Rhododendron and Azaleas
Being a native of Georgia, I grew up surrounded by azaleas (Callaway Gardens; The Masters). But not rhoddies; that came after moving to Seattle. I didn’t realize that azaleas are a sub-genre until I was trying to explain why one plant in Mike’s front yard was an azalea, not a rhoddie.
Our rhododendron and azaleas came with the house; that means that they are more than 20 years old.
The rhoddies and azaleas are all evergreen. There’s a giganormous white rhoddie on the east wall of the house. We have two compact rhoddies with small, deep red flowers in the backyard; they have a sibling in the front. The textured leaves are so dense that you don’t see the wood.

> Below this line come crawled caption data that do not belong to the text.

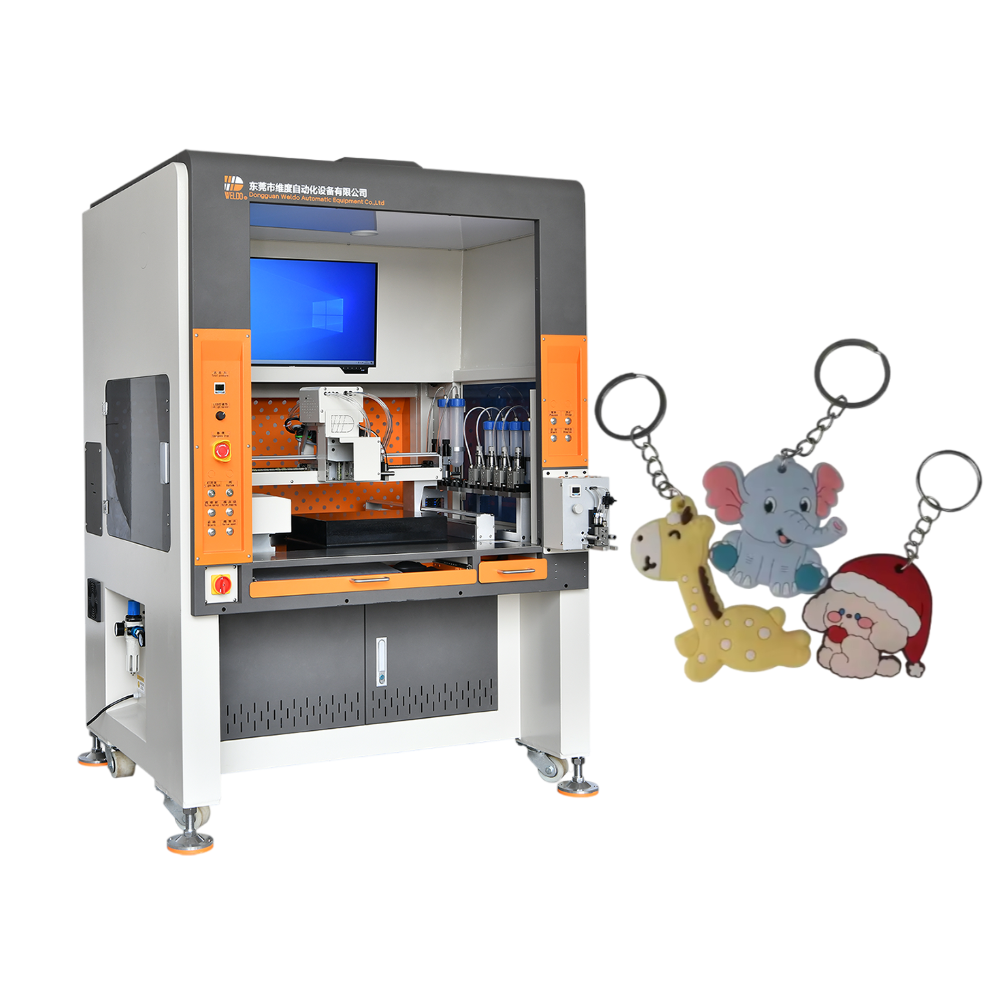 soft pvc mini keychain filling machine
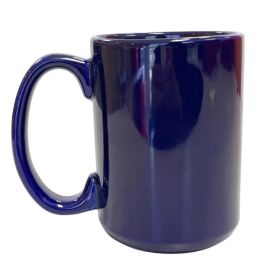 15oz Jumbo Cobalt C-Handle Ceramic Mug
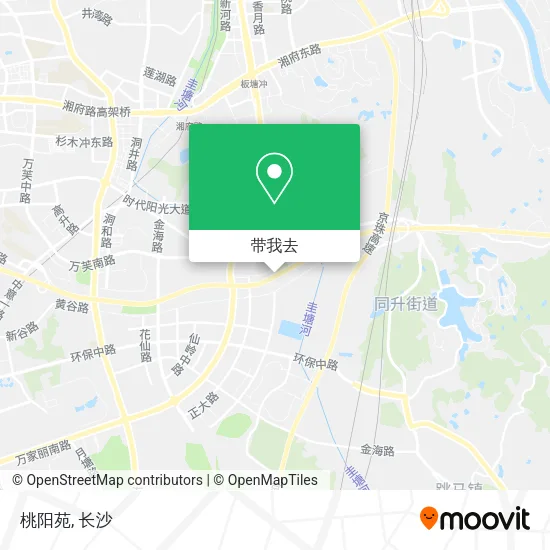 桃阳苑地图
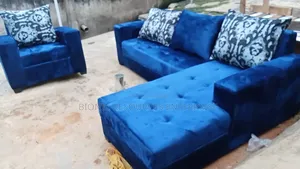 Royal Blue Color L Shape Chairs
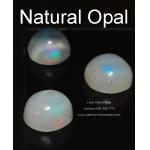 พลอยโอปอลแท้ธรรมชาติ:Natural Opal ซื้อ2แถม 1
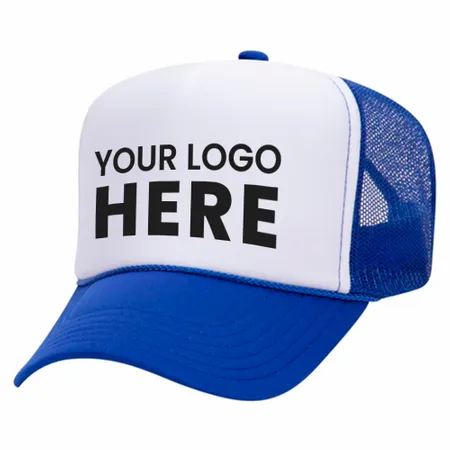 Otto 39-165 5-Panel High Crown Foam Trucker Hats - White Front Colors - Custom Hats Now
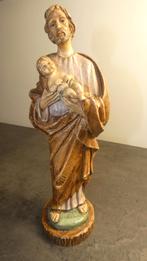 Beeld Sint Jozef met Kindje Jezus [2060], Antiek en Kunst, Ophalen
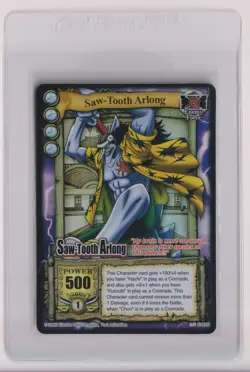 One Piece CCG Saw-Tooth Arlong Holofoil SR - Rare Black Letters 2005 - Image 1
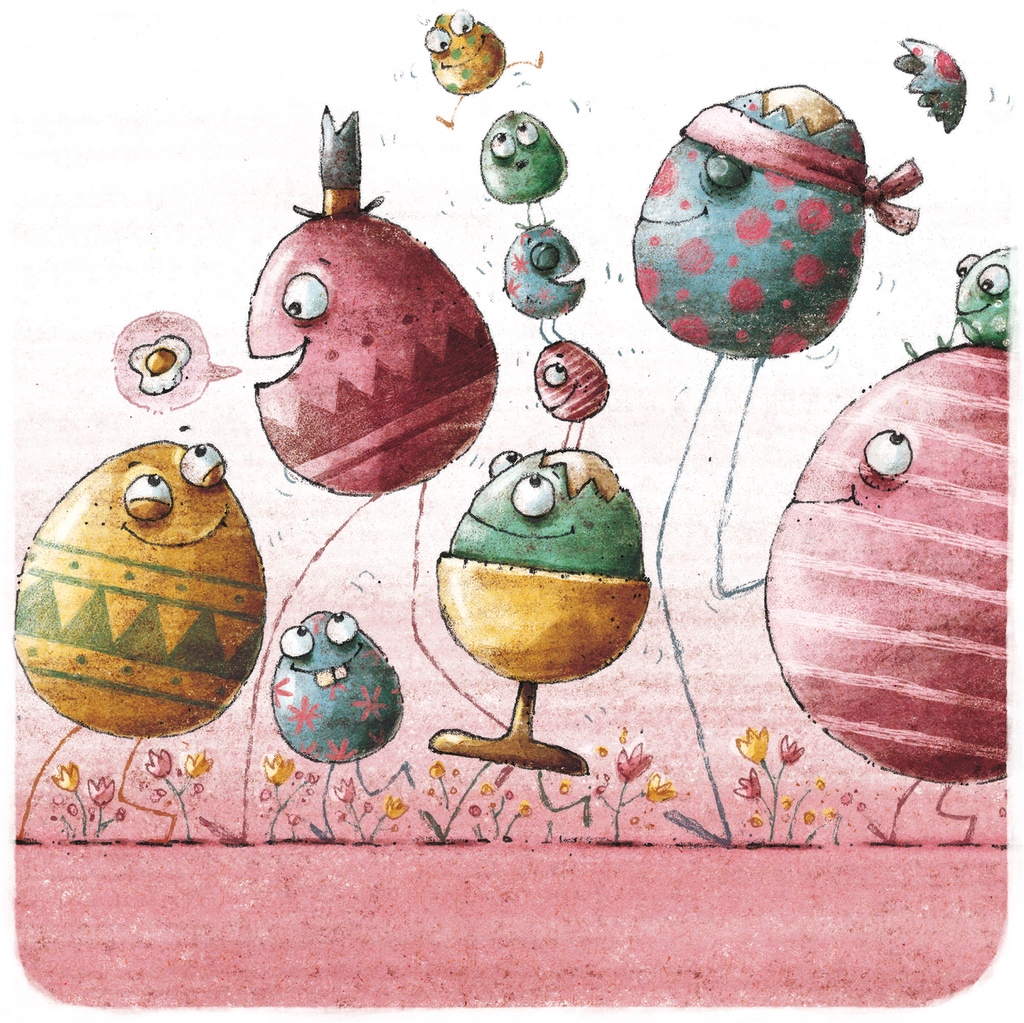 🐰🌼🌸Egg-citing Easter vibes!🌸🌼🐰
Hope your Easter eggs are as well-hidden as your stash of chocolate!
#digitalart #childrensbookillustration #pasen #eastereggs #happyeaster #froheostern #ostern
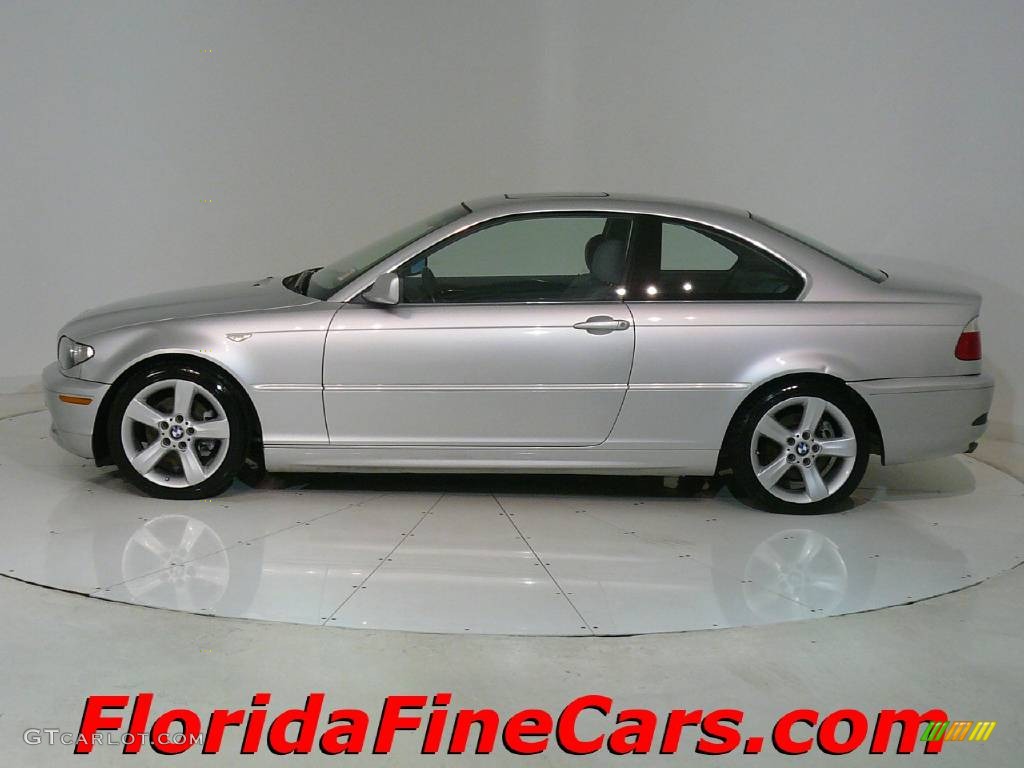 2004 3 Series 325i Coupe - Titanium Silver Metallic / Grey photo #3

According to Wikipedia, Rhododendron are distributed between latitudes 80°N and 20°S and are native to North America as well as Asia, Australia, Europe and Russia although the greatest species diversity is in Asia, specifically China, Japan, Korea and Taiwan. The rhododendron is the national flower of Nepal.
Roses are lovely, and those with lovely scent are also high maintenance. This is the northwe(s)t. Black spot. Mold. I’m not sure our upright roses have ever kept their leaves for the entire season.
So we’ve resorted to mounding shrubs. No scent but plentiful flowers.